Pero que haya bajado muchísimo no significa que esté derrotada.

Una inflación interanual superior al 30% sigue siendo una inflación muy elevada para cualquier economía normalizada.

Y una inflación mensual cercana al 2% implica que los precios todavía aumentan a un ritmo que, anualizado, resulta muy significativo.

Por eso el Gobierno debería evitar dos errores.

El primero sería sobrerreaccionar frente al 2,9% porteño y presentar el dato como el comienzo de una nueva crisis inflacionaria.

El segundo, mucho más peligroso, sería ignorarlo.

Porque los procesos inflacionarios no suelen volver de un día para otro. Primero aparecen pequeñas señales. Después se modifica la expectativa. Luego los empresarios empiezan a remarcar preventivamente. Los trabajadores reclaman recomposiciones. Los contratos incorporan inflación pasada. Y finalmente el fenómeno vuelve a adquirir inercia.

El desafío consiste precisamente en evitar esa segunda etapa.

¿Qué inflación esperar?

Con los datos disponibles, no parece razonable esperar una vuelta inmediata a una inflación del 3% mensual a nivel nacional, pero tampoco parece prudente apostar a una rápida convergencia hacia el 1% mensual.
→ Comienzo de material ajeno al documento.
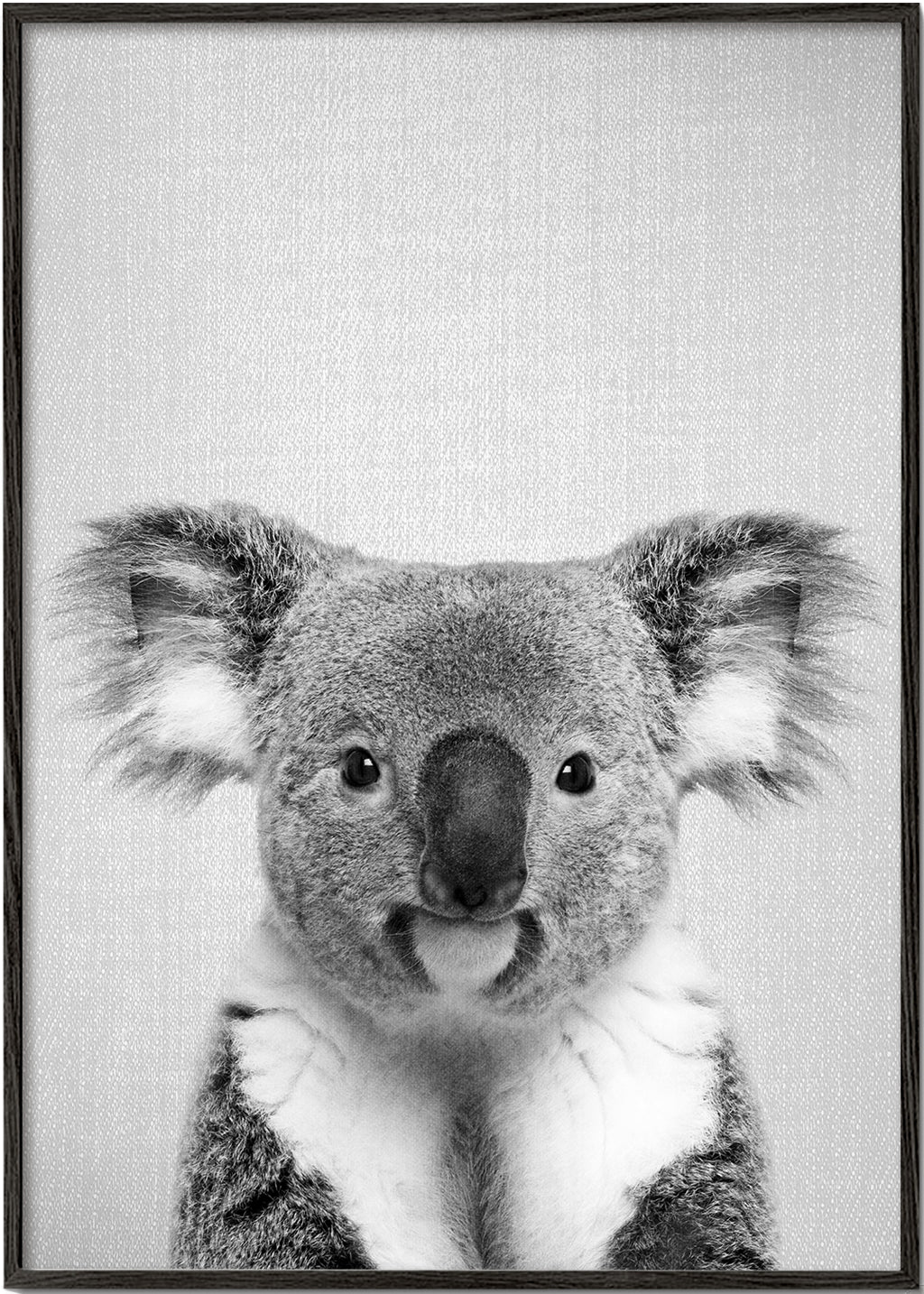 Koala - Black & White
El escenario más probable es una inflación que continúe moviéndose durante los próximos meses en una zona de aproximadamente 1,8%-2,3% mensual, con meses puntuales superiores dependiendo de tarifas, estacionales, alimentos, servicios y evolución cambiaria.

Si esa dinámica se mantiene, la inflación anual seguirá descendiendo, pero a un ritmo mucho más lento.

Y ahí está la diferencia entre una economía que simplemente dejó atrás la crisis inflacionaria y otra que consiguió definitivamente estabilizar los precios.

El dato de CABA no demuestra que la desinflación haya terminado.

Pero demuestra algo que puede ser incluso más importante:

la desinflación ya no puede darse por garantizada.

Después de varios meses de buenas noticias, apareció una cifra que obliga a mirar nuevamente el tablero.

El 2,9% porteño puede terminar siendo apenas un bache provocado por las vacaciones de invierno.

O puede ser el primer aviso de que la economía encontró un nuevo piso inflacionario.

El dato del INDEC será el que permita saber cuál de las dos historias empieza a imponerse.

Pero una cosa ya está clara: la batalla contra la inflación todavía no está ganada.